Crypto investors are poised for record returns on Bitcoin and other digital assets—and so, too, is the taxman. The Internal Revenue Service has sent U.S. crypto investors a flood of warning letters about their digital asset investments over the past two months. The volume of letters—which warn taxpayers that crypto investments they declared on their recent tax returns may not be accurate—are an increase over the past year, according to three crypto tax experts. 

CoinLedger, a crypto tax platform, has seen a spike in users asking about the government communiqués. The number of support conversations on CoinLedger that included the words “IRS letters” from May through June numbered close to 800, a ninefold increase compared to the same period in 2024, David Kemmerer, cofounder and CEO of the tax website, told Fortune.

“Thousands of investors are getting these,” he claimed. “Naturally, when that happens, we get a flood of customers coming to us being like, ‘Hey, what do I do?’”

Two crypto tax attorneys have also noticed an uptick in inquiries about the letters. At least 10 recipients have reached out to his firm over the past two months, said Jordan Bass, a crypto tax attorney and accountant. That’s compared to no inquiries sent to his office in 2024.

Andrew Gordon, another attorney who specializes in crypto tax law, also said he’s seen an increase. “We’re getting at least a couple calls a week,” he said.

The three crypto tax experts said they haven’t seen such an uptick in crypto inquiries from the IRS since the tax agency sent out a flood of letters in 2020 and 2021. In 2017, the IRS obtained thousands of customer records from the U.S. crypto exchange Coinbase as the result of a court order.
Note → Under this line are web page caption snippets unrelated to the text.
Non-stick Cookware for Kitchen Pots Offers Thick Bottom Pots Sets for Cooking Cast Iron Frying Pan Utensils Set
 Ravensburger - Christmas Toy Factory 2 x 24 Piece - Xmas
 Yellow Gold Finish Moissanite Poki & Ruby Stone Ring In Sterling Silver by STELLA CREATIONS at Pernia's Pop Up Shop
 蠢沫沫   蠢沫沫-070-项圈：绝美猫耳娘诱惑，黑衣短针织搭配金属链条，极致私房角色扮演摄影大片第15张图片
Two years later, the tax agency devised a set of crypto-specific “voluntary compliance” letters that it then sent out to investors.

The notices tell crypto owners that the IRS has information that the recipients had “one or more accounts containing virtual currency.” In two versions off the letters, the tax agency merely advises investors to check to see if they’ve correctly reported their crypto transactions to the IRS. Recipients are not required to respond.

But in the case of a third type of IRS letter, recipients are instructed to respond to the IRS with either new tax returns, amended tax returns, or an explanation of why recipients believe they’ve correctly reported their crypto transactions to the U.S. government.

The CoinLedger CEO and the two crypto tax attorneys did not know why more investors have reached out to them about IRS letters in 2025 as opposed to years prior. Gordon, one of the tax attorneys, noticed that a common factor linking recent recipients were that they had accounts on the crypto exchange Poloniex.

Kemmerer, the CEO of CoinLedger, echoed Gordon and said that increased IRS outreach to crypto investors “typically follows when the IRS has gotten their hands on some amount of data.”

The IRS did not immediately respond to a request for comment.

“I’m sure there’s just people randomly getting selected, and the lucky ones get these scary letters,” added Kemmerer.